As the only team to pull off a roster switch-up, New York's journey has been unusual. Just minutes before the trade deadline on Sunday night, Jensen gave up Sabine Lisicki and Kveta Peschke for San Diego's Vandeweghe and Melichar.
CoCo Vandeweghe and Nicole Melichar have beaten Philadelphia twice in women's doubles. (Ryan Loco)
With everyone in the same location for the entire season, it made for some awkwardness.
"It was an opportunity for us to kind of upgrade where we needed it most," Jensen says. "If Clijsters was healthy throughout the season I think we probably don't make that trade. We're really happy with the people we have, but looking at what Vandeweghe brings, with Melichar brings, those are Grand Slam champions that aren't afraid of anything."
The switch meant that Peschke and Lisicki went from being in on their way to the playoffs to not in contention overnight. It wasn’t easy for them, but San Diego ended on a high note with an upset of Chicago on Thursday.
“We're just dinged up and now I look at what [San Diego] did against Philadelphia and Melichar and Vandeweghe just took it to them,” Jensen says. “When I saw that I thought this is a really good opportunity if we can make it happen.”
Melichar and Vandeweghe have been one of the best duos this summer, and on that pivotal Sunday with Jensen watching from the stands, they took out Sofia Kenin and Taylor Townsend, 5-3 with San Diego wining all three doubles sets over Philadelphia.
CoCo Vandeweghe is a former Top-10 singles player and 2018 US Open doubles champion. (Ryan Loco)
"To bring in Grand Slam champions is amazing for our team," Skupski says. "I don't personally know them but they've come into the team and they've adapted well. They're a great asset for us. I think we needed that to try to give a massive push towards making the playoffs."

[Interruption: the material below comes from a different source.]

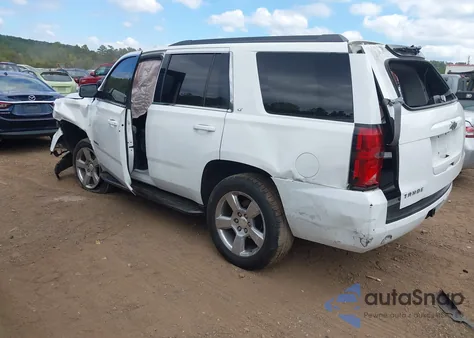 2015 Chevrolet Tahoe Lt z USA, uszkodzony, nr VIN 1GNSCBKC0FR620149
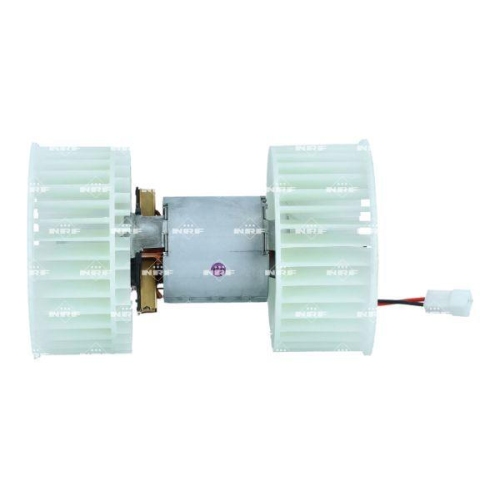 NRF Ventilator, habitaclu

San Diego was struggling to post wins, and Vandeweghe wasn’t seeing the court time she had envisioned. Getting traded gave her a huge second chance.
"I love playing singles. I wanted to play singles," Vandeweghe said. "And now I have the opportunity so I'm going to make the most of it. I played WTT before as a marquee player and I've played all three sets, so I'm very comfortable playing anywhere and everywhere."
The 28-year-old will play singles, mixed doubles and doubles on Saturday with Sock opening in doubles with Skupski and closing against Fritz in men's singles.
Kim Clijsters has spent a lot of time on the sideline alongside coach Luke Jensen. (Ryan Loco)
Vandeweghe capitalized on her chances with a 5-4 win over Kenin on Thursday night when New York and Philadelphia competed in the final regular season match. With Sock and Clijsters both benched, New York would lose 23-17. The rematch on Saturday should look a lot different.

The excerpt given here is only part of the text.